Getting shape mismatch while loading saved Pixtral model
Hi, thank you for creating this transformers compatible version of Pixtral. I am saving the model to my local drive and then I want to load it again. However, I get size mismatch for the QKV matrices of "language_model" as shown below. I would appreciate some help. Thanks!
>>> from transformers import LlavaForConditionalGeneration
>>> model_id = "mistral-community/pixtral-12b"
>>> model = LlavaForConditionalGeneration.from_pretrained(model_id)
Loading checkpoint shards: 100%|ββββββββββββββββββββββββββββββββββββββββββββββββββββββββββββββββββββββββββββββββββββββββββββββββββββββββββββββββββββββββββββββββββββββββββββββββββββββββββββββββββββββββββββββββββββββββββββββββ| 6/6 [00:04<00:00, 1.27it/s]
>>> model.save_pretrained("pixtral-12b", from_pt = True)

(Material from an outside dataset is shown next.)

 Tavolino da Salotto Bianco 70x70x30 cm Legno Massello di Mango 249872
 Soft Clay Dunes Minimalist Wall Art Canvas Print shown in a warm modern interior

>>> model2 = LlavaForConditionalGeneration.from_pretrained("pixtral-12b")
Loading checkpoint shards: 100%|ββββββββββββββββββββββββββββββββββββββββββββββββββββββββββββββββββββββββββββββββββββββββββββββββββββββββββββββββββββββββββββββββββββββββββββββββββββββββββββββββββββββββββββββββββββββββββββββ| 11/11 [00:02<00:00, 4.68it/s]
Traceback (most recent call last):
File "<stdin>", line 1, in <module>
File "/data/sandbox/anaconda/envs/pixtral/lib/python3.10/site-packages/transformers/modeling_utils.py", line 4224, in from_pretrained
) = cls._load_pretrained_model(
File "/data/sandbox/anaconda/envs/pixtral/lib/python3.10/site-packages/transformers/modeling_utils.py", line 4852, in _load_pretrained_model
raise RuntimeError(f"Error(s) in loading state_dict for {model.__class__.__name__}:\n\t{error_msg}")

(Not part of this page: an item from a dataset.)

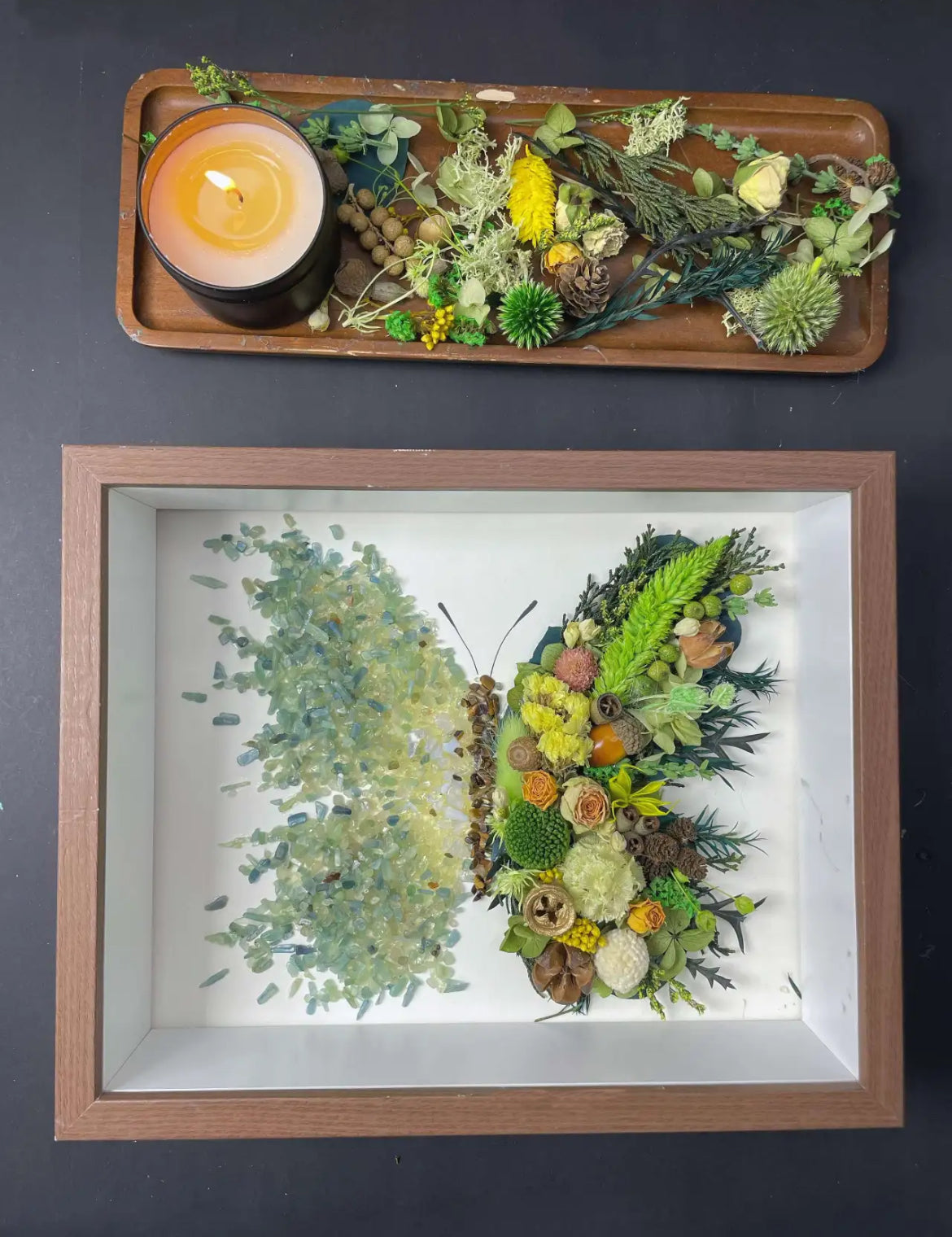 Beautyzkx Homemade creative handmade DIY butterfly dried flower photo frame material package（zkx0011）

RuntimeError: Error(s) in loading state_dict for LlavaForConditionalGeneration:
size mismatch for language_model.model.layers.0.self_attn.q_proj.weight: copying a param with shape torch.Size([4096, 5120]) from checkpoint, the shape in current model is torch.Size([5120, 5120]).

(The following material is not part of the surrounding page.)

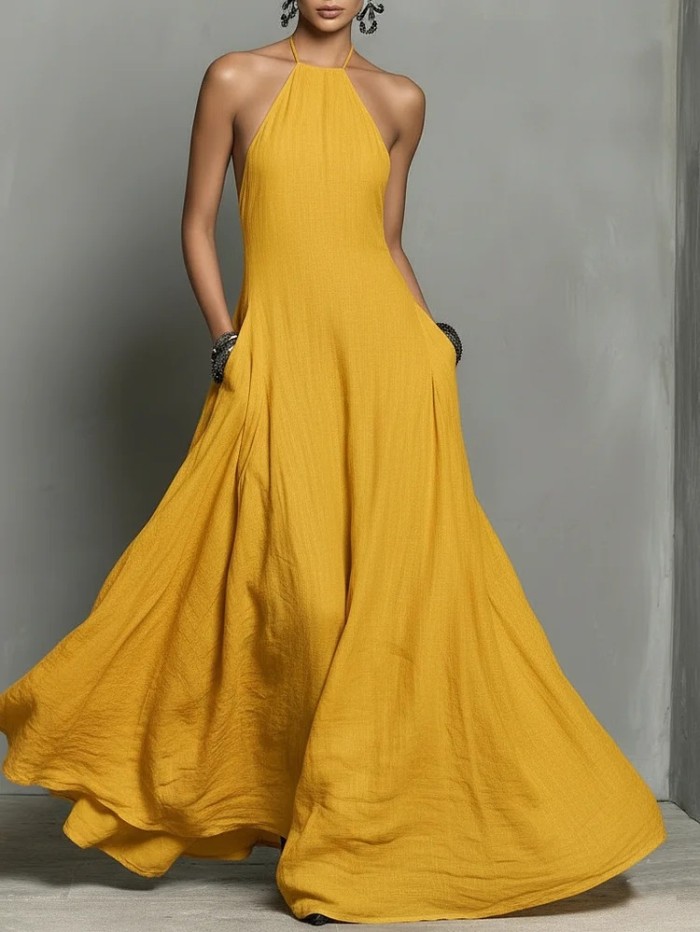 ✨Halter Backless Solid Color Maxi Dress🌙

size mismatch for language_model.model.layers.0.self_attn.k_proj.weight: copying a param with shape torch.Size([1024, 5120]) from checkpoint, the shape in current model is torch.Size([1280, 5120]).
size mismatch for language_model.model.layers.0.self_attn.v_proj.weight: copying a param with shape torch.Size([1024, 5120]) from checkpoint, the shape in current model is torch.Size([1280, 5120]).
size mismatch for language_model.model.layers.0.self_attn.o_proj.weight: copying a param with shape torch.Size([5120, 4096]) from checkpoint, the shape in current model is torch.Size([5120, 5120]).
size mismatch for language_model.model.layers.1.self_attn.q_proj.weight: copying a param with shape torch.Size([4096, 5120]) from checkpoint, the shape in current model is torch.Size([5120, 5120]).
......
Just updating that replacing the config.json works. Basically when I do save_pretrained
the config.json
that is saved is different from what is in this repo. Replacing it with the config.json
in this repo works. I am wondering why save_pretrained
doesnt download the correct config? Thanks.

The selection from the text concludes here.